● EXERCISE PROMPT
Starting at the line that contains "Gepersonaliseerde Foto Zwart" and ending at the line that contains "WJSP Cereal Dispenser", the lines below are to be given again exactly, with nothing added.

▽

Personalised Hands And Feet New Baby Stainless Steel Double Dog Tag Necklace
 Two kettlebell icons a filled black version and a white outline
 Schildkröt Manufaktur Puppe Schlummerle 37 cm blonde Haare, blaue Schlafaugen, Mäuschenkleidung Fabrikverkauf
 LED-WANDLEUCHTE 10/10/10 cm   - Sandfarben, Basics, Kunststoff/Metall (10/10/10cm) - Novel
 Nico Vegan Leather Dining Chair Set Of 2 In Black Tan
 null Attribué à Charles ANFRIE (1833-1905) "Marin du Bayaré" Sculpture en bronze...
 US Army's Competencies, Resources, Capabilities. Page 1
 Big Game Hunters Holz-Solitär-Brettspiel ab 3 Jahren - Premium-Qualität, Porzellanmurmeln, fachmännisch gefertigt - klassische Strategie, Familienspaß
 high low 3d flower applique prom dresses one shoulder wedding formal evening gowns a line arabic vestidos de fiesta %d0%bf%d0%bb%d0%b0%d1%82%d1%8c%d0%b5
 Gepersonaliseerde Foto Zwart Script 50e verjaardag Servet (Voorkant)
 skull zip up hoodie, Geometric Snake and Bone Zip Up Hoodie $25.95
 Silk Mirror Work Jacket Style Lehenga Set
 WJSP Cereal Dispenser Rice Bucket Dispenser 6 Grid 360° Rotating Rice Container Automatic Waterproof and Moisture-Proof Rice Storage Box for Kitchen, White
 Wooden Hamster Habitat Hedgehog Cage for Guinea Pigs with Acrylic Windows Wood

△

● TASK OUTPUT
 Gepersonaliseerde Foto Zwart Script 50e verjaardag Servet (Voorkant)
 skull zip up hoodie, Geometric Snake and Bone Zip Up Hoodie $25.95
 Silk Mirror Work Jacket Style Lehenga Set
 WJSP Cereal Dispenser Rice Bucket Dispenser 6 Grid 360° Rotating Rice Container Automatic Waterproof and Moisture-Proof Rice Storage Box for Kitchen, White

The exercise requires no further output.